I'm currently developing and testing a Machine Learning-based use case in Elastic for anomaly detection. I've cloned and configured the ML job "auth_rare_hour_for_a_user", which is designed to detect user logins at unusual hours. The job is active and appears to be functioning correctly, with all relevant log sources added to the data feed.

In Kibana, I’ve also configured a "Security Alert rule" using this ML job. The rule is set up as follows:

Rule Name: "auth_rare_hour_for_a_user"
Description: Detects user logins at times that are unusual for the user, which may indicate credentialed access via a compromised account or unauthorized activity during non-business hours.

To test the setup, I performed several login activities during off-hours that should be considered anomalous. However, no alerts have been triggered so far.

Could anyone advise if I might be missing a step or configuration detail for ML-based detection rules like this? Are there specific thresholds, lookback periods, or job configurations I should double-check?

Any insights or suggestions would be greatly appreciated.

Thanks in advance!

Thanks for reaching out, @sunith. I have a few follow-up questions here:

  • What version of Elastic are you using?
  • Could you provide more information about how this alert is configured? Attaching a picture of the configuration could also be helpful.

Best,

Jessica

Thanks for the reply @jessgarson

Elastic version 8.18.3

Screenshot of the ML rule and associated job

Thanks for following up, @sunith. One thing that has tripped me up with anomaly detection in the past is that it requires a sufficient amount of baseline data (typically 2-4 weeks) to establish standard patterns before detecting anomalies reliably. Could this be what's happening here?

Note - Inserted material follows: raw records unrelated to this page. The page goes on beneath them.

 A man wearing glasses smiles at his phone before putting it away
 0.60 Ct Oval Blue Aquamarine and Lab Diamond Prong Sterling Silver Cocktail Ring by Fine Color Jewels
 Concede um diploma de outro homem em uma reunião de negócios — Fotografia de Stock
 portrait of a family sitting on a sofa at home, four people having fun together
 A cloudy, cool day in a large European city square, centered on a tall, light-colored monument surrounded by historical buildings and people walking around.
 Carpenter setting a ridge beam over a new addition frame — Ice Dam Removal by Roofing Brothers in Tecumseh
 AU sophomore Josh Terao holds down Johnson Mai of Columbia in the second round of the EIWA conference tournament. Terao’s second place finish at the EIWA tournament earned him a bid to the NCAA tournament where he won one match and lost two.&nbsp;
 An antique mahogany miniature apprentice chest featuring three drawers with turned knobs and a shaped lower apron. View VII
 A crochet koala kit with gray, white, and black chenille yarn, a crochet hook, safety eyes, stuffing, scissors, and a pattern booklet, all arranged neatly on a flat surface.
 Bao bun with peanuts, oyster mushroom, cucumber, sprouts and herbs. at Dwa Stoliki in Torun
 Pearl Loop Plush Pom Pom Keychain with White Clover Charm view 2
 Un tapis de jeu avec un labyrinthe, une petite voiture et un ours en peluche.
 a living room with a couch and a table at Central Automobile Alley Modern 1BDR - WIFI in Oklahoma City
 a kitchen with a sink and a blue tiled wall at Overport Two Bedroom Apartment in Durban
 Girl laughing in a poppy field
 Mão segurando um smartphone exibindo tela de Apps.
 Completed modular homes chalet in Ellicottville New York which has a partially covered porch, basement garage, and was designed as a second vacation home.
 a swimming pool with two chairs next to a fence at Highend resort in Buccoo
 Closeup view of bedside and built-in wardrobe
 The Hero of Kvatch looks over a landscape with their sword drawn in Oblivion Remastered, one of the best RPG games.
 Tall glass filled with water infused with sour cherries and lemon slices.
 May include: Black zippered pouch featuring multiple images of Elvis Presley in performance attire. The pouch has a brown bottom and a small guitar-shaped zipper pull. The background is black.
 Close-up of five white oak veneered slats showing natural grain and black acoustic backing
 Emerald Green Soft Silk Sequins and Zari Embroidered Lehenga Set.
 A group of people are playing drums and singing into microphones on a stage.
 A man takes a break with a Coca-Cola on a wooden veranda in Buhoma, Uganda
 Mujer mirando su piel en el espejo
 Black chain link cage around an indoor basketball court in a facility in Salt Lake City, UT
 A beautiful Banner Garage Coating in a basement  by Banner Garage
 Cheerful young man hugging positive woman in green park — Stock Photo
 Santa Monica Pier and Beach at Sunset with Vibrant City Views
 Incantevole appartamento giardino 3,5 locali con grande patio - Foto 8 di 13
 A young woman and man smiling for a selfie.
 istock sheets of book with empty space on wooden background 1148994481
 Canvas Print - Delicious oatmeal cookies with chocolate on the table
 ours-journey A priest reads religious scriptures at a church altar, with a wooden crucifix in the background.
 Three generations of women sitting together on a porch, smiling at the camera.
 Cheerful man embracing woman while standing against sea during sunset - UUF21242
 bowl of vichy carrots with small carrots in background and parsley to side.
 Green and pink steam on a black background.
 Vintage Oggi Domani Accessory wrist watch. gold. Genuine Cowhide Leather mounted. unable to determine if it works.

Thanks for the reply. Yes, for baseline data I gave 1 month of data to this job.

Thanks for following up, @sunith. As a next step, please verify that the bucket span is appropriate for your use case (typically 15 minutes to 1 hour for login patterns).

It is also important that the baseline includes many examples of "normal" login times for the particular user you are testing. You should have dozens or even hundreds of "normal" examples of logins for that user before you attempt to inject an "anomalous" one.

If there aren't many (or worst case, ANY) examples of "normal" login times for that user your are testing, then the login events you inject in testing won't have enough to contrast against to determine unusualness.